# Recorded information:
* * * * * * *

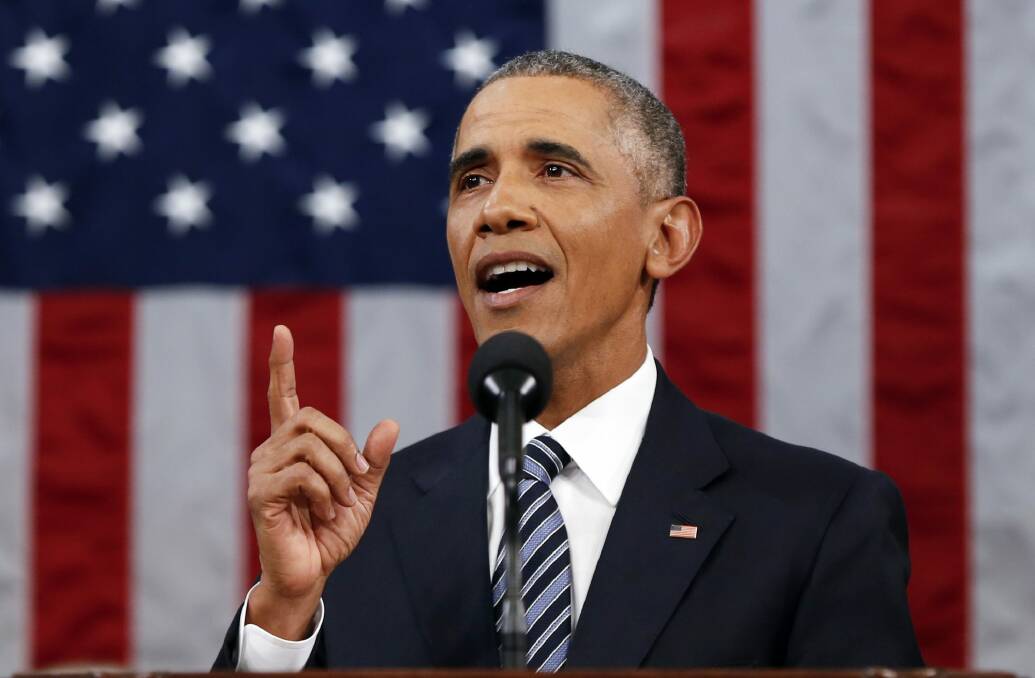 President Barack Obama delivers his State of the Union address before a joint session of Congress. Photo: Evan Vucci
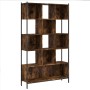 Engineered wood shelf smoked oak 102x28x172 cm by , Bookcases and shelves - Ref: Foro24-3213659, Price: 127,99 €, Discount: %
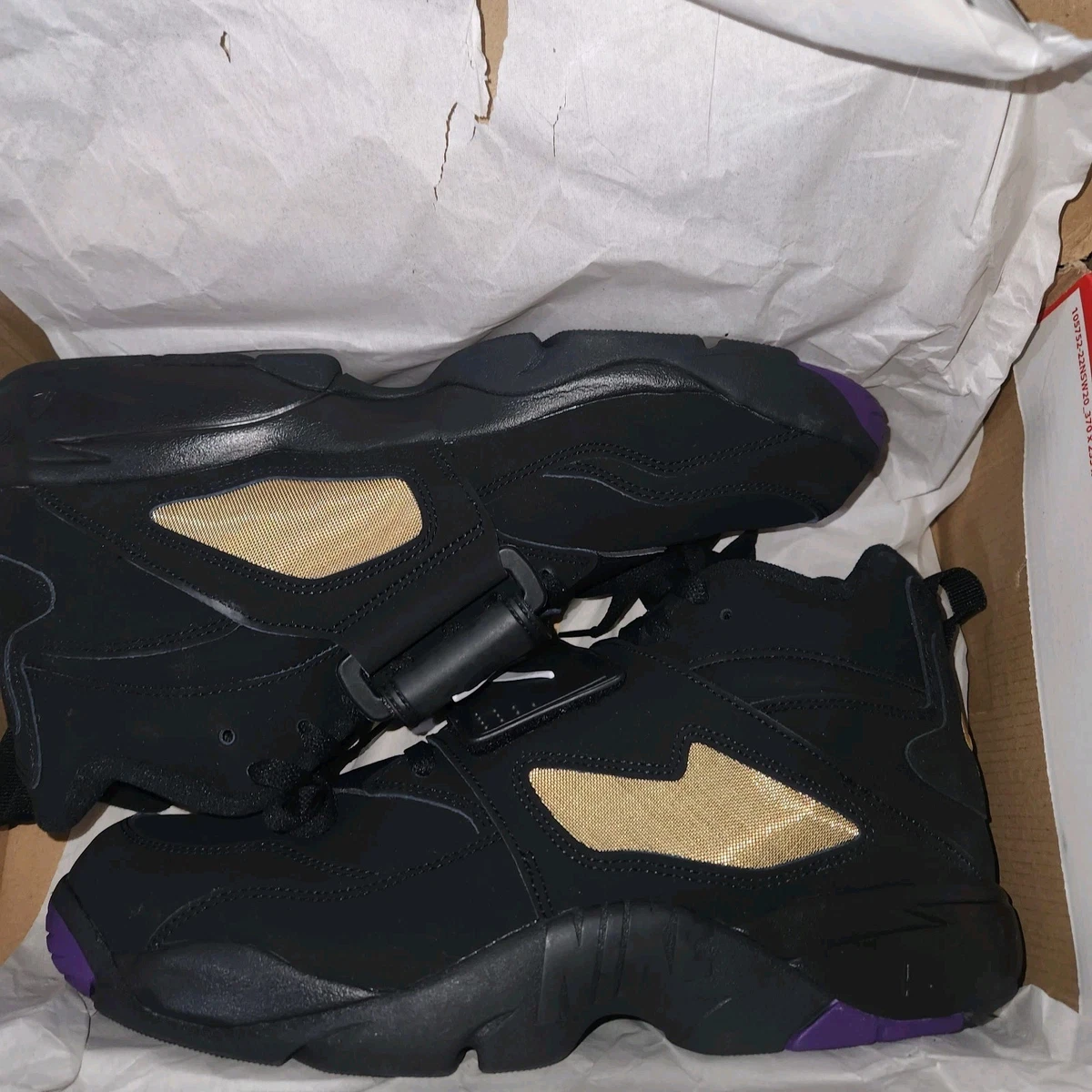 Nike Air Diamond Turf Deion Sanders Black Gamma Blue 309434-010 men  size 11 Nike Air Diamond Turf Men main image 3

* * * * * * *

# Goal of the exercise:
Your answer must be exactly the lines from the one with "Engineered wood shelf" through the final line of the data, with no pictures in it.

# Answer area:
 Engineered wood shelf smoked oak 102x28x172 cm by , Bookcases and shelves - Ref: Foro24-3213659, Price: 127,99 €, Discount: %
 Nike Air Diamond Turf Deion Sanders Black Gamma Blue 309434-010 men  size 11 Nike Air Diamond Turf Men main image 3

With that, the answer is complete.